From d4b8e8d89625c76b6900750da88db7eebba6a8b6 Mon Sep 17 00:00:00 2001
From: Neil Webber <neil@webber.com>
Date: Sat, 18 May 2024 17:25:52 -0500
Subject: [PATCH] enhancements for performance tests

---
 pdptests.py | 136 +++++++++++++++++++++++++++++++++++-----------------
 1 file changed, 91 insertions(+), 45 deletions(-)

diff --git a/pdptests.py b/pdptests.py
index 1578bf0..dd81113 100644
--- a/pdptests.py
+++ b/pdptests.py
@@ -40,7 +40,7 @@ from pdpasmhelper import InstructionBlock
 
 class TestMethods(unittest.TestCase):
 
-    PDPLOGLEVEL = 'DEBUG'
+    PDPLOGLEVEL = 'INFO'
 
     # used to create various instances, collects all the options
     # detail into this one place... mostly this is about loglevel
@@ -2706,64 +2706,74 @@ class TestMethods(unittest.TestCase):
         #     are all just dummied up right now
 
     # this is not a unit test, invoke it using timeit etc
-    def speed_test_setup(self, *, loopcount=200, mmu=True, inst=None):
-        """Set up a test run of 50*loopcount inst instructions.
+    def speed_test_setup(self, instwords, /, *, loopcount=200, mmu=True):
+        """Set up a test run of the instwords (1 word or 2)

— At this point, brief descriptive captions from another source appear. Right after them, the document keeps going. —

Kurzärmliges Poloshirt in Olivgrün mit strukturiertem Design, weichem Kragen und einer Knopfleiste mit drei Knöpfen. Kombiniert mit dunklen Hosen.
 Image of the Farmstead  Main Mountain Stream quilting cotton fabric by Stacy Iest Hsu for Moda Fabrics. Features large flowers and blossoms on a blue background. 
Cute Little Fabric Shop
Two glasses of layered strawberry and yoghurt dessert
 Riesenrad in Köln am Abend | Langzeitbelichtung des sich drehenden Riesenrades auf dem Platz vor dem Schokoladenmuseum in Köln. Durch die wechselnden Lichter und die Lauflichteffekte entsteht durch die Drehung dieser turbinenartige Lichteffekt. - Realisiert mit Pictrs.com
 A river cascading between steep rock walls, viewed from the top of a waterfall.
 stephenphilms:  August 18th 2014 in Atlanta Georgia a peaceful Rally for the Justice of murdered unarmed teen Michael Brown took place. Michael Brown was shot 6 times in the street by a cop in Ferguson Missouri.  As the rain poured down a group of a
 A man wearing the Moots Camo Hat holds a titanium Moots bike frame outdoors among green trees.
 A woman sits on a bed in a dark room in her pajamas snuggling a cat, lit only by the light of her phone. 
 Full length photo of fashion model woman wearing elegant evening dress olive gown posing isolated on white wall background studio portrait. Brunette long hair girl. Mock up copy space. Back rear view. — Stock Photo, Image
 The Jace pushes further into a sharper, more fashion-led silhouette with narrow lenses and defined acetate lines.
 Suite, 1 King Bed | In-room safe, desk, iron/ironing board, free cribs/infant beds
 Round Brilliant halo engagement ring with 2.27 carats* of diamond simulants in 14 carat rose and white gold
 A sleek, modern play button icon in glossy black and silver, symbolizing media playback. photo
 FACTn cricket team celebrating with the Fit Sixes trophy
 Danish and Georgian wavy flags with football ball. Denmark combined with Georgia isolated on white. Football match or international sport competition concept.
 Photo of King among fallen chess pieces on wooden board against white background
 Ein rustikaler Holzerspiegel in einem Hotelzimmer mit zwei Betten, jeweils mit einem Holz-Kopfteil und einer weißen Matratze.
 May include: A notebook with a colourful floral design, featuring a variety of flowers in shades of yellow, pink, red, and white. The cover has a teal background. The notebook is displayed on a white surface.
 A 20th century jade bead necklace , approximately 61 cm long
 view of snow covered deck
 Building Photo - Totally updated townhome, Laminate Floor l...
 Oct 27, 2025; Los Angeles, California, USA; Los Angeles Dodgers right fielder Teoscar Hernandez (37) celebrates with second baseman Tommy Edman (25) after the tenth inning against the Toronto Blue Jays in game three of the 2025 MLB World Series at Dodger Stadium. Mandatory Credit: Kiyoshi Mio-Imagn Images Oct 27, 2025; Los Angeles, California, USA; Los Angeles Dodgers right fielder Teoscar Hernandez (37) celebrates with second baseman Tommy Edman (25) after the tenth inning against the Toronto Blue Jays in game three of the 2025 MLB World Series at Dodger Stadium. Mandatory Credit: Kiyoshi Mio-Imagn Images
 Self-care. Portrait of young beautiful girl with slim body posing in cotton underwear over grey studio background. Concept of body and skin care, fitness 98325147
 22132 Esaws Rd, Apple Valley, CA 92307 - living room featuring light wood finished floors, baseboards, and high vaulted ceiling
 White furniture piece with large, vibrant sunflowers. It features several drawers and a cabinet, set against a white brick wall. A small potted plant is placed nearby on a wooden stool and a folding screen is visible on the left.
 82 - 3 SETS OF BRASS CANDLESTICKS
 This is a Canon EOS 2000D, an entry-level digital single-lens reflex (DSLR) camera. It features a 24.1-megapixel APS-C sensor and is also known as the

+        Returns tuple: p, pc, per .. see speed_test_run()
 
-        Returns tuple: p, pc
+        If len(instwords) is 1, make a loop of 49 instructions and one SOB
+        If len == 2 (i.e., an instruction + operand), 24 instructions + SOB
         """
 
-        p, pc = self.simplemapped_pdp()
+        p, pc = self.u64mapped_pdp()
 
         # the returned pdp is loaded with instructions for setting up
         # the mmu; only do them if that's what is wanted
         #
         # NOTE: the test code is run in USER mode Because Reasons
         # (was experimenting with virtual caches and this was helpful).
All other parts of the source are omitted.